I was in several rounds of the game while attending a graduate residency on the campus of St. John’s College in Santa Fe, when I stumbled into a bookstore and found Rumors of Water, by L.L. Barkat. I knew the book well. Frankly, it’s the book’s fault I was in Santa Fe in the first place. For me, the book was a life preserver. She showed me that it was possible to be a mother and be a writer. Every page helped me see myself differently. Every page offered a way into the writing life, and mamas were the VIPs. The moment I finished the book, I wrote to my dad (who’d sent me Rumors of Water), and said, “THIS is what I want to do!”
That afternoon, L.L.’s book was a friendly wave hello. “Remember me?” I imagined it saying. “You can do this.” I remembered why I’d come to Santa Fe — I was there to learn to write.
Perhaps it’s weird to think of books as friends, but that’s how I thought of Rumors of Water, and seeing it there made me feel less lonely. I gave the book a little pat and turned around feeling as though I could stay in this uncomfortable place a little longer.
Lettered Creatures, by Brad and Mark Leithauser, was the book I saw next. I was hoping to find the Complete Works of Gerard Manley Hopkins instead of a book about the ABCs, and I paged through it reluctantly, wondering if children’s books would be the only stories I’d ever understand all by myself. It turned out to be a reminder of what I could do with who I am: a woman and a mother who sees the world through stories.
Each letter gets a two-page spread: one for a creature that’s in the shape of the letter and one for the poem about the lettered creature.
For example, here’s H:
I’m called a wader, although given my
Habit of standing idly by
And just how hard it is to catch my eye,
You may prefer to think of me as a waiter.
To the fish swimming round me, such distinctions will
Come to seem striking only later –
Since I’m of no account to them until
They get the bill.
I bought the book for my daughters and dreamed up an afternoon when the three of us could make our own lettered creatures and poems.
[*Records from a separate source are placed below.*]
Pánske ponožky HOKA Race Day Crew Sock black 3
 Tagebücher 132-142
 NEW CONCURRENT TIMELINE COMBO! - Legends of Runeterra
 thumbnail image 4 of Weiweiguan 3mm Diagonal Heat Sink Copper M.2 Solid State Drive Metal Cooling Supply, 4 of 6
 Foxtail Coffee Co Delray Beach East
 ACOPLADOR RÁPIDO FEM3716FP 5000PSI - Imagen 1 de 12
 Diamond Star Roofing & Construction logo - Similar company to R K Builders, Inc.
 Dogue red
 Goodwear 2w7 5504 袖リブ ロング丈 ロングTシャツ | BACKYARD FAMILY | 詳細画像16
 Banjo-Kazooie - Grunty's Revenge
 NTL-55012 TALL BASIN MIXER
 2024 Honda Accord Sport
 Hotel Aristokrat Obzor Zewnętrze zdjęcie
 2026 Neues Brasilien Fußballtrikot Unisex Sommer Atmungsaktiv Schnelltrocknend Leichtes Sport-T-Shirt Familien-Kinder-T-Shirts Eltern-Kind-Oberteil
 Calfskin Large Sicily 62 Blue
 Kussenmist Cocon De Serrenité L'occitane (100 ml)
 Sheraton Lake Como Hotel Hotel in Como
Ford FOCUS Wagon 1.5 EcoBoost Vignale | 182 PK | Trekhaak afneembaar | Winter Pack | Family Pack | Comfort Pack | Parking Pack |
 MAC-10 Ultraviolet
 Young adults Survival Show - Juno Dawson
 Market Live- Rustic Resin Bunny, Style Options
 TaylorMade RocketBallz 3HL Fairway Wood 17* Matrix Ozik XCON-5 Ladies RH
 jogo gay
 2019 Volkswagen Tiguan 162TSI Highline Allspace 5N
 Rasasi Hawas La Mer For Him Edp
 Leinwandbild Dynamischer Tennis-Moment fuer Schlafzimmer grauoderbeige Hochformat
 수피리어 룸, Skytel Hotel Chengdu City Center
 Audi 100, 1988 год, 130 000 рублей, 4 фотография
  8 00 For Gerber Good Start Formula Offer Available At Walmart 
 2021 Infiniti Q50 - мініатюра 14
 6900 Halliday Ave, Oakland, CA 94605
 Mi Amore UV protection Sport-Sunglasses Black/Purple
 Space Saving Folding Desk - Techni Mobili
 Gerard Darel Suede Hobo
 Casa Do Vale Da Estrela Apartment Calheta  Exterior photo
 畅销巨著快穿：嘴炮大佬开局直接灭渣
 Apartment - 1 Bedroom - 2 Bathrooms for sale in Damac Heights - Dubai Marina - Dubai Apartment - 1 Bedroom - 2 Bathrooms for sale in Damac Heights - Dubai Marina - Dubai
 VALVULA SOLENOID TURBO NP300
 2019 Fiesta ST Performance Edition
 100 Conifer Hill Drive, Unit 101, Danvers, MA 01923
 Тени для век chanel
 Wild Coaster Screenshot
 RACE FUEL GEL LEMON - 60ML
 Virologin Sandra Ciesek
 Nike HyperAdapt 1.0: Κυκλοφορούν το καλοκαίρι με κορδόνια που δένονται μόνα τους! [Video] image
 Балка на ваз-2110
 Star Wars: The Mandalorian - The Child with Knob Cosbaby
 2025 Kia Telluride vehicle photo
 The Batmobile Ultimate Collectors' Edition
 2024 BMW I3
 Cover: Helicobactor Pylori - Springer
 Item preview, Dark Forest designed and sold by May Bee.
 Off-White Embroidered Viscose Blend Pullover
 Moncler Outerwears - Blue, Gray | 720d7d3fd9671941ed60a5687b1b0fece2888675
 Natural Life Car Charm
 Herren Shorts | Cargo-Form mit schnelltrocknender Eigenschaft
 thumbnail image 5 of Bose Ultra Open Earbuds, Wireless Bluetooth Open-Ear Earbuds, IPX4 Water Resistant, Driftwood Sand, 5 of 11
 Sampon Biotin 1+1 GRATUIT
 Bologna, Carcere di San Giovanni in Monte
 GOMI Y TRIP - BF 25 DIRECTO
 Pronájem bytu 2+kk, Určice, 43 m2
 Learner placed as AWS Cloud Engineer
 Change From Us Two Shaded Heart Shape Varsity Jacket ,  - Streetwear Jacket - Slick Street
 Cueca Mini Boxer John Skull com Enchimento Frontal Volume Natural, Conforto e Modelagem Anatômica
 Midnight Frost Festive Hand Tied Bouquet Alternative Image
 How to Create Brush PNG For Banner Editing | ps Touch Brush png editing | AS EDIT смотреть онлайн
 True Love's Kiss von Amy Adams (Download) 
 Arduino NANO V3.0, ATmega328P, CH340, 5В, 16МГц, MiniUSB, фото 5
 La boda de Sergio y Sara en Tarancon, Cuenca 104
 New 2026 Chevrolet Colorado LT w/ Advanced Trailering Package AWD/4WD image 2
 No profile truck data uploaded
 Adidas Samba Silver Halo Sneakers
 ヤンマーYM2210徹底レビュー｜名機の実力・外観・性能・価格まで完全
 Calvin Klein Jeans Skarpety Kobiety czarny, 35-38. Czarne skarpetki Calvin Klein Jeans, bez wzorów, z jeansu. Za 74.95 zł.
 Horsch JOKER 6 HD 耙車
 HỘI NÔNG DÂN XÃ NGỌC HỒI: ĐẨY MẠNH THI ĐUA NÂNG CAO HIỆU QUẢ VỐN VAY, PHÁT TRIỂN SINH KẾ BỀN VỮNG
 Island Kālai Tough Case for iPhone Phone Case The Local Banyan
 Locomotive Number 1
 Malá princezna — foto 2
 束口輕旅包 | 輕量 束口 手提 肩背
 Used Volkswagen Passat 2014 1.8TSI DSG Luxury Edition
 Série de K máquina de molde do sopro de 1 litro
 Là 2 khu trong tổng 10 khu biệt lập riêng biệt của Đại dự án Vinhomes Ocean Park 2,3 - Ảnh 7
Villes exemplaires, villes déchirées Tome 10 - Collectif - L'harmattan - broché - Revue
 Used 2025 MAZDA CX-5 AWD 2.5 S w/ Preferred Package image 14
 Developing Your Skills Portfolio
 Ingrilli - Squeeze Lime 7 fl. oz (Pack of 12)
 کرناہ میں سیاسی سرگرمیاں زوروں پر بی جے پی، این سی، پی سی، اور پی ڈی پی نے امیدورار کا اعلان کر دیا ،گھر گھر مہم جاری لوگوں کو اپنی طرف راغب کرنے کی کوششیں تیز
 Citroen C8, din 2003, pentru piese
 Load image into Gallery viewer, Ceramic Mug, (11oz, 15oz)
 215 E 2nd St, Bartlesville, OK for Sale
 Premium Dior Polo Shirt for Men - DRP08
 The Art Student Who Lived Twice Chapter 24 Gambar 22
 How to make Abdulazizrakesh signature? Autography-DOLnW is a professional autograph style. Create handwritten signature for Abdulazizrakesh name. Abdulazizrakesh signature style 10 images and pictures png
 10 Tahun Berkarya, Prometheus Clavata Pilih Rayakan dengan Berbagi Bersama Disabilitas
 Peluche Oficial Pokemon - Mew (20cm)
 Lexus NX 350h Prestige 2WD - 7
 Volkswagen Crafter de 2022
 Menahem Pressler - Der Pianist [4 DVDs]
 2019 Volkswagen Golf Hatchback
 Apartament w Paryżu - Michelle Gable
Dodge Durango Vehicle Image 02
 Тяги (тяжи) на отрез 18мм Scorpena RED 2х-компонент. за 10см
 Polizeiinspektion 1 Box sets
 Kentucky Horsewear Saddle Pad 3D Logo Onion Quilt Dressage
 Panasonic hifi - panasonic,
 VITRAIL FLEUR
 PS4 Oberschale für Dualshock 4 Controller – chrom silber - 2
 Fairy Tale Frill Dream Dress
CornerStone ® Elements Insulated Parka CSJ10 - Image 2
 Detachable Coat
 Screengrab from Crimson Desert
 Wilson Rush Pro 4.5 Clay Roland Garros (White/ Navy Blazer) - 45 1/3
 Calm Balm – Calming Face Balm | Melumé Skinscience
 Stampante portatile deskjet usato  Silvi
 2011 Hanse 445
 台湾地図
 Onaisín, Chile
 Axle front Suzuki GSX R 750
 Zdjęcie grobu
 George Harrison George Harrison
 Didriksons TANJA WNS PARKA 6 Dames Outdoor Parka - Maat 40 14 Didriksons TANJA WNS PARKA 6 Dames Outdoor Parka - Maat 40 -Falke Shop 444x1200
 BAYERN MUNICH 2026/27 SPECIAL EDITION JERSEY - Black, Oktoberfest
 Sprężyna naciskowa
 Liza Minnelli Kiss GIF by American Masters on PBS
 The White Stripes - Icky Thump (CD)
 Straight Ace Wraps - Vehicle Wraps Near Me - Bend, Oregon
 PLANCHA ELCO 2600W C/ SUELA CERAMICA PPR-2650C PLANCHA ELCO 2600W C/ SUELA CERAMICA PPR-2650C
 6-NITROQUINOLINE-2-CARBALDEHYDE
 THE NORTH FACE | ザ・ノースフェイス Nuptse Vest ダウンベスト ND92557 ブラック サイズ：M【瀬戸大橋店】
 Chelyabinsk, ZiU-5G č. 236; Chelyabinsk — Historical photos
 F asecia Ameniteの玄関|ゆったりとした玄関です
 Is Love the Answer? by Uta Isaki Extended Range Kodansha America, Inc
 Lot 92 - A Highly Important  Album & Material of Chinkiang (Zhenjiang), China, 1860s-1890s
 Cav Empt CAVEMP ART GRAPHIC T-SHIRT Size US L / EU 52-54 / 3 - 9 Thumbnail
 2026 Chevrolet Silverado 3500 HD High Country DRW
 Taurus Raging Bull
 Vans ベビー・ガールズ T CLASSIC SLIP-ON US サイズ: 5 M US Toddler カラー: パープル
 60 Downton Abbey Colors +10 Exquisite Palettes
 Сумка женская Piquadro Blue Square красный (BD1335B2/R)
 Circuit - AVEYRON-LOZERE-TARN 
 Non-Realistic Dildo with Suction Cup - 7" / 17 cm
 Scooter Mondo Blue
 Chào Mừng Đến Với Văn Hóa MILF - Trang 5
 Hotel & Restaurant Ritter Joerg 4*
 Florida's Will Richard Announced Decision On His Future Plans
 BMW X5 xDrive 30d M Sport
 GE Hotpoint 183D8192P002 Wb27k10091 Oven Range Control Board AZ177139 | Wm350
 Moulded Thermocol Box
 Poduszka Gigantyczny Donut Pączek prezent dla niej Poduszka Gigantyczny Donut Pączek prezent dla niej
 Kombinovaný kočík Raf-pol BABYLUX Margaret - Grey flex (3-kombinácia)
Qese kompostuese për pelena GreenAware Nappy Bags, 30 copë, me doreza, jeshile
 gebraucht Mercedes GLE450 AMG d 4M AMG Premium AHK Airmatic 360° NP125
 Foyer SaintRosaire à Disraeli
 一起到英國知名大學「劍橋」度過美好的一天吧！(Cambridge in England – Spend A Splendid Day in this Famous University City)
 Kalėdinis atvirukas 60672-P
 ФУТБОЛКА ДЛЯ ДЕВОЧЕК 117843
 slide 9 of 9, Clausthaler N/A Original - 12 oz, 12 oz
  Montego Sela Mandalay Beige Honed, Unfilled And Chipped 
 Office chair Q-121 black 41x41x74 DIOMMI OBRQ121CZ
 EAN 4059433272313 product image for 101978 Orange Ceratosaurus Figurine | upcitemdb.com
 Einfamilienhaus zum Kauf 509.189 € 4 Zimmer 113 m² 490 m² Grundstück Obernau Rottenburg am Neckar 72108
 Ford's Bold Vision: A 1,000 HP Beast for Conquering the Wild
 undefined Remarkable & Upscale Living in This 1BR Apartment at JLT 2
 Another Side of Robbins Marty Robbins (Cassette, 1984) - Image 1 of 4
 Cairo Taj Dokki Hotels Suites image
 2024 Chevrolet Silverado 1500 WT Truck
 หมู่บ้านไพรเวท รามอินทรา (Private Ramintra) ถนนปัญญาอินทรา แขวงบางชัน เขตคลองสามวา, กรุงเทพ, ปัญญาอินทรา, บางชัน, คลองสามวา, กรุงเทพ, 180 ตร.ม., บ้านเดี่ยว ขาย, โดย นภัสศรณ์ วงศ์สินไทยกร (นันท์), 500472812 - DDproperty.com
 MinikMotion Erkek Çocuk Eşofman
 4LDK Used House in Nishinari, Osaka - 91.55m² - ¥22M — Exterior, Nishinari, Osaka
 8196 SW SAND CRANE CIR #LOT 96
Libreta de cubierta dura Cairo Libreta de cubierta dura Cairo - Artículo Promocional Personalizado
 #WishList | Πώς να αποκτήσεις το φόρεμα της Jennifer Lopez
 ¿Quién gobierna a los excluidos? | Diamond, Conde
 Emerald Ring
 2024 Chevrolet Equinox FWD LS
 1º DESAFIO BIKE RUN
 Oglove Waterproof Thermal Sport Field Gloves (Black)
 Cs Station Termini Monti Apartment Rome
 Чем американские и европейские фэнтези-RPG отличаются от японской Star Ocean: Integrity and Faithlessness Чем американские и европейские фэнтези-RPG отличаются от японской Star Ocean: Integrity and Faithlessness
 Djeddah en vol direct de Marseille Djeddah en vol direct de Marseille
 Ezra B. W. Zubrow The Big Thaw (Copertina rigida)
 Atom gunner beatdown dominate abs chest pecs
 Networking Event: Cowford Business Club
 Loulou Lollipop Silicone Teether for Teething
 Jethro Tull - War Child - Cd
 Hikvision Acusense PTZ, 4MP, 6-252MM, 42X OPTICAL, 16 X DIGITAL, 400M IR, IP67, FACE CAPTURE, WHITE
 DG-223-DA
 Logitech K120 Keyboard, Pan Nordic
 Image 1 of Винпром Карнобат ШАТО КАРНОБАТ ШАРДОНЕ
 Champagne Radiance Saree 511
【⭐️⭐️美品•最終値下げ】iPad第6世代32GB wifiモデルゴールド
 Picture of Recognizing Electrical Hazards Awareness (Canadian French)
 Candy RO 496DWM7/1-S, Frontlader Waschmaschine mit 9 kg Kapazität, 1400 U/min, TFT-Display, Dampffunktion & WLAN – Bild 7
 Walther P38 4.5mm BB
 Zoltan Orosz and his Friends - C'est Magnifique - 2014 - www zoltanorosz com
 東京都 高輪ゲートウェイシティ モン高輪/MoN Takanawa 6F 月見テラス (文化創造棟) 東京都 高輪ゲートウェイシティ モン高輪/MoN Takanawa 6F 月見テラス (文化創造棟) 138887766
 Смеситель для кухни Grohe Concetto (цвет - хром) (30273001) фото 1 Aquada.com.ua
I left the bookstore still feeling shaky and scared, but refreshed and excited too. I would be like the heron and wade into this strong current of words. I would listen and observe and wait for the words to take hold and shape me into something both strange and familiar.
For this week’s prompt, write a poem about a letter. It can be about a creature, as in Lettered Creatures, or maybe you want to use food or cities for your inspiration. If you wish to draw a picture of your letter that is more than just a letter, feel free to add that in the comments below.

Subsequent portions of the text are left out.